Berry Corbett T, Liu Xiaohong, Myles Arpita, Nandi Satabdi, Chen Youhai H, Hershberg Uri, Brodsky Igor E, Cancro Michael P, Lengner Christopher J, May Michael J, Freedman Bruce D
Department of Pathobiology, School of Veterinary Medicine, University of Pennsylvania, Philadelphia, PA 19104, USA; School of Biomedical Engineering, Science and Health Systems, Drexel University, PA 19104, USA.
Department of Pathobiology, School of Veterinary Medicine, University of Pennsylvania, Philadelphia, PA 19104, USA.
Cell Rep. 2020 Apr 14;31(2):107474. doi: 10.1016/j.celrep.2020.03.038.
B cell receptor (BCR) engagement induces naive B cells to differentiate and perform critical immune-regulatory functions. Acquisition of functional specificity requires that a cell survive, enter the cell cycle, and proliferate. We establish that quantitatively distinct Ca signals triggered by variations in the extent of BCR engagement dynamically regulate these transitions by controlling nuclear factor κB (NF-κB), NFAT, and mTORC1 activity. Weak BCR engagement induces apoptosis by failing to activate NF-κB-driven anti-apoptotic gene expression. Stronger signals that trigger more robust Ca signals promote NF-κB-dependent survival and NFAT-, mTORC1-, and c-Myc-dependent cell-cycle entry and proliferation. Finally, we establish that CD40 or TLR9 costimulation circumvents these Ca-regulated checkpoints of B cell activation and proliferation. As altered BCR signaling is linked to autoimmunity and B cell malignancies, these results have important implications for understanding the pathogenesis of aberrant B cell activation and differentiation and therapeutic approaches to target these responses.

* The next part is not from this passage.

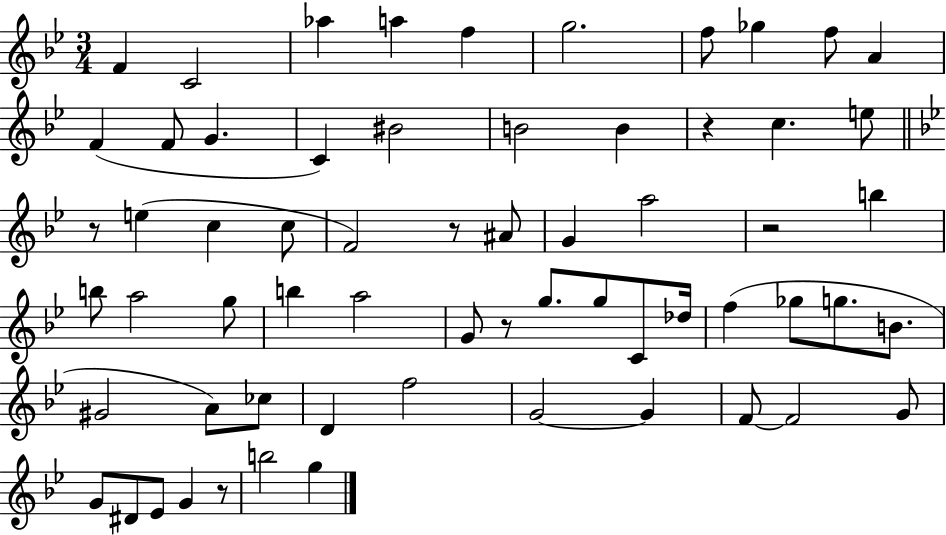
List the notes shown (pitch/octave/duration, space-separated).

F4/q C4/h Ab5/q A5/q F5/q G5/h. F5/e Gb5/q F5/e A4/q F4/q F4/e G4/q. C4/q BIS4/h B4/h B4/q R/q C5/q. E5/e R/e E5/q C5/q C5/e F4/h R/e A#4/e G4/q A5/h R/h B5/q B5/e A5/h G5/e B5/q A5/h G4/e R/e G5/e. G5/e C4/e Db5/s F5/q Gb5/e G5/e. B4/e. G#4/h A4/e CES5/e D4/q F5/h G4/h G4/q F4/e F4/h G4/e G4/e D#4/e Eb4/e G4/q R/e B5/h G5/q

B细胞受体(BCR)的激活可诱导初始B细胞分化并发挥关键的免疫调节功能。获得功能特异性要求细胞存活、进入细胞周期并增殖。我们发现,由BCR激活程度变化引发的数量上不同的钙信号,通过控制核因子κB(NF-κB)、活化T细胞核因子(NFAT)和雷帕霉素复合物1(mTORC1)的活性,动态调节这些转变。弱BCR激活因未能激活NF-κB驱动的抗凋亡基因表达而诱导细胞凋亡。触发更强钙信号的更强信号促进NF-κB依赖的存活以及NFAT、mTORC1和c-Myc依赖的细胞周期进入和增殖。最后,我们发现CD40或Toll样受体9(TLR9)共刺激可绕过这些钙调节的B细胞激活和增殖检查点。由于BCR信号改变与自身免疫和B细胞恶性肿瘤相关,这些结果对于理解异常B细胞激活和分化的发病机制以及针对这些反应的治疗方法具有重要意义。